Doug and I intend to approach this urgent topic with grace and gentleness, because we value mutual respect, and treating every person with dignity. Talking about racism is difficult because people have profoundly different experiences around race and so often, we mean different things when we use the word “racism.”
When we say “racism,” often white people mean racial bias, or prejudice which I have considered and acted upon: mean things I as an individual either said, or did against people of color. That’s why we often think or say, “but I’m not a racist.” We’re thinking of ourselves as individual agents. This idea can be extended to groups: think of fraternities singing racially offensive songs, sororities throwing “black face” parties, or uncles telling ugly racist jokes. If we reject those activities, we think we are not racist.
But actually racial bias runs deeper than conscious choice. Figuring out if I am this kind of racist is pretty easy: spend a few minutes taking Harvard Project Implicit tests on line and they’ll reveal our biases. After doing this, spend some weeks noticing my interactions, my thoughts, when I meet people of different races and genders. What are my assumptions?

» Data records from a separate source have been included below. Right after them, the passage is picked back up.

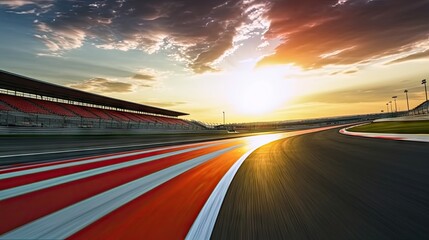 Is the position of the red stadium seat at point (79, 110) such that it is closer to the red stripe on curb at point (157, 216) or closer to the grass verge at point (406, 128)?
the grass verge at point (406, 128)

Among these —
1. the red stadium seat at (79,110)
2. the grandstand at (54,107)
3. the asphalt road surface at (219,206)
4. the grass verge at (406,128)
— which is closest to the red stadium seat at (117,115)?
the grandstand at (54,107)

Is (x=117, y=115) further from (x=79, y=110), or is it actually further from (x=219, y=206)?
(x=219, y=206)

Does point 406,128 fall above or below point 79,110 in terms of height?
below

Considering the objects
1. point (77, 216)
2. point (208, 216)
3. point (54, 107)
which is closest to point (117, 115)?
point (54, 107)

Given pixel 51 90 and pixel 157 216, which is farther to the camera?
pixel 51 90

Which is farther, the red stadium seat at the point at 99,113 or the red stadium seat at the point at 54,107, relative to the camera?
the red stadium seat at the point at 99,113

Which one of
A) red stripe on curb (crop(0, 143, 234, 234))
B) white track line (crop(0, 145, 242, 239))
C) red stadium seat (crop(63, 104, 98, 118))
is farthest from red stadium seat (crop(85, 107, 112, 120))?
white track line (crop(0, 145, 242, 239))

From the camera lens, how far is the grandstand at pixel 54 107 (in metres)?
27.2

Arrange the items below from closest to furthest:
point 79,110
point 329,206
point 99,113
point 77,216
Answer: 1. point 77,216
2. point 329,206
3. point 79,110
4. point 99,113

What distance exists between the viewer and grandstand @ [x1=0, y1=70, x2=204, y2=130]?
89.1ft

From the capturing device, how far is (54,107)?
1644 inches

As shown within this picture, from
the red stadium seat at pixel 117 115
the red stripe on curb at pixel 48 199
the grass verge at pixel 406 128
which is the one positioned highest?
the red stadium seat at pixel 117 115

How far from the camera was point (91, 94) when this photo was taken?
45656 millimetres

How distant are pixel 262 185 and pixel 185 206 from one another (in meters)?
1.92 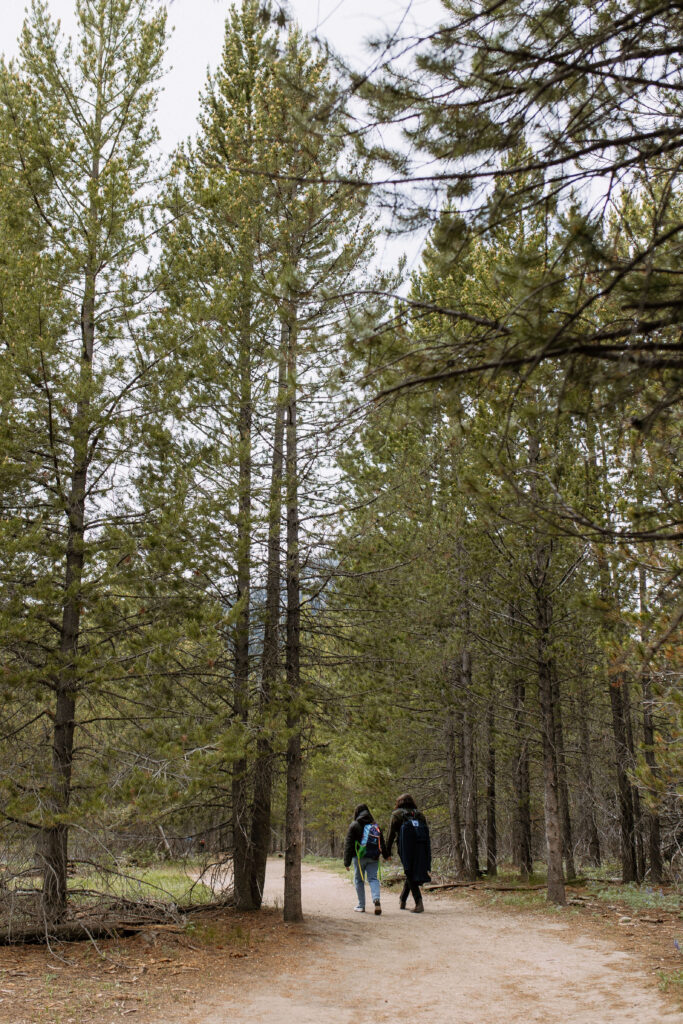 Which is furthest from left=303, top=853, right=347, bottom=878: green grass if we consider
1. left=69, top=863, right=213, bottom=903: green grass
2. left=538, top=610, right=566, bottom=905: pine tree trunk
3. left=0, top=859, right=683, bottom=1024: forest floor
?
left=0, top=859, right=683, bottom=1024: forest floor

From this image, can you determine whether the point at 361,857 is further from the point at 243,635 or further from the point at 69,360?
the point at 69,360

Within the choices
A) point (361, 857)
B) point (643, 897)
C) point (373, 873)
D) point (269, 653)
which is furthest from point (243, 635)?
point (643, 897)

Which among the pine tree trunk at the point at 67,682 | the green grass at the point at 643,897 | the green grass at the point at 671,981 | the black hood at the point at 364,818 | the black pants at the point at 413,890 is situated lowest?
the green grass at the point at 643,897

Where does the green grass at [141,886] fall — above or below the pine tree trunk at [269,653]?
below


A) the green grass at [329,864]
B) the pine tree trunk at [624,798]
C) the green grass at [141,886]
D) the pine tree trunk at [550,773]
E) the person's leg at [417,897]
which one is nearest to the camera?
the green grass at [141,886]

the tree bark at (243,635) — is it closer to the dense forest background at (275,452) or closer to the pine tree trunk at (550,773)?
the dense forest background at (275,452)

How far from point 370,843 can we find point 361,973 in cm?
415

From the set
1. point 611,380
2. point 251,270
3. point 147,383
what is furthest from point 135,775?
point 251,270

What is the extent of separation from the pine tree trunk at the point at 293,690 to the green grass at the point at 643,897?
501 centimetres

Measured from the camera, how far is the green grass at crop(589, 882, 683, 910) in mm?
10750

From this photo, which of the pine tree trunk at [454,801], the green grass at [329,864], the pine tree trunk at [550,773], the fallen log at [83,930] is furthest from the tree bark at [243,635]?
the green grass at [329,864]

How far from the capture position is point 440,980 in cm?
669

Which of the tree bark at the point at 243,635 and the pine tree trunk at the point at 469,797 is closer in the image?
the tree bark at the point at 243,635

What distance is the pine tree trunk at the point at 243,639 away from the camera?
8977mm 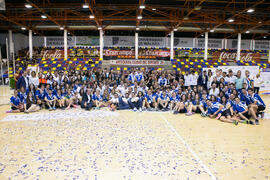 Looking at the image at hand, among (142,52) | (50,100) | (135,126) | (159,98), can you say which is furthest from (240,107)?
(142,52)

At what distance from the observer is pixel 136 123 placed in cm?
527

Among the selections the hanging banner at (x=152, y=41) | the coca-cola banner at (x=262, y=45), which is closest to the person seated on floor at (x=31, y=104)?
the hanging banner at (x=152, y=41)

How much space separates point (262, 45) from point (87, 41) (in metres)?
22.1

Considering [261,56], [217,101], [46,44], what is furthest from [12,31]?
[261,56]

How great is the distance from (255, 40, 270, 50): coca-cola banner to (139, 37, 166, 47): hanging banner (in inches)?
481

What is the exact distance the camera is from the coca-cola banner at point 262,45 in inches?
868

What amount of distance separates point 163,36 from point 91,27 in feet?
28.1

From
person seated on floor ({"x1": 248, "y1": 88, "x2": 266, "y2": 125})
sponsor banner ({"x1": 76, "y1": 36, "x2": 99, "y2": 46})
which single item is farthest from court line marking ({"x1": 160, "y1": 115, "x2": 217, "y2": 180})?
sponsor banner ({"x1": 76, "y1": 36, "x2": 99, "y2": 46})

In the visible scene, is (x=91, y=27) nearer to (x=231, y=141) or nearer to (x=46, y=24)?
(x=46, y=24)

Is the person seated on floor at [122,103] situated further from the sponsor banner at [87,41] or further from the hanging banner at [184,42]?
the hanging banner at [184,42]

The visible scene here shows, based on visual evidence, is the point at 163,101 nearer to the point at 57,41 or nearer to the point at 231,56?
the point at 57,41

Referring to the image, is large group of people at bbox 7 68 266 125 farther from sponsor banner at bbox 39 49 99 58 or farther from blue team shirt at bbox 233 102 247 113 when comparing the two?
sponsor banner at bbox 39 49 99 58

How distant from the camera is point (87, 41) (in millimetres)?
20016

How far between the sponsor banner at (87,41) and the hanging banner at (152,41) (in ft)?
17.1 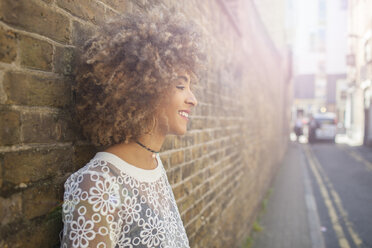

Thinking about racism as acts of race prejudice ignores the presence of power and privilege. Wonder if you have privilege because of your race, or want to understand it? Take Peggy McIntosh’s “White Privilege: Unpacking the Invisible Knapsack” or watch her TEDx talk “How studying privilege systems can strengthen compassion”. But racism operates not only on an individual level, it’s also external, and institutional.
When white people came to this country, many of our families were given land – land taken from Native Americans and Latinos. I went to high school in Texas and learned a historical narrative about the brave settlers (some of whom were my family members). In graduate school, I went across the border and visited a Mexican museum where I learned the other side of the story: about massacres, and systemic displacement. I looked at historical maps showing Mexican territory extending across most of modern Texas, the southwest and California (circa 1820-1840.) More than a century later, white veterans (yes, my uncles) got help with more education and a mortgage (through the G.I. bill), while Japanese Americans had their property systematically taken from them (look into Japanese internment). Sure, slavery is over, and the Chinese exclusion act overturned, but neither African Americans nor Chinese people received any financial or educational compensation for these systematic evils. These are only a few of the institutional and structural expressions of racism.
The systems which were historically created are now held together by simple structural arrangements like property taxes: our schools and their quality reflect the property values of our neighborhoods. Instead of slavery and Jim Crow laws, we now have the school-to-prison pipeline and mass incarceration.
So these days when I hear the word “racism” I translate “a system of racial inequity.” The clearest way to understand this is the spiral from World Trust “The system of racial inequity has internal and external components, as well as institutional and systematic. It’s held together by money and power and embedded in history, culture and identity.”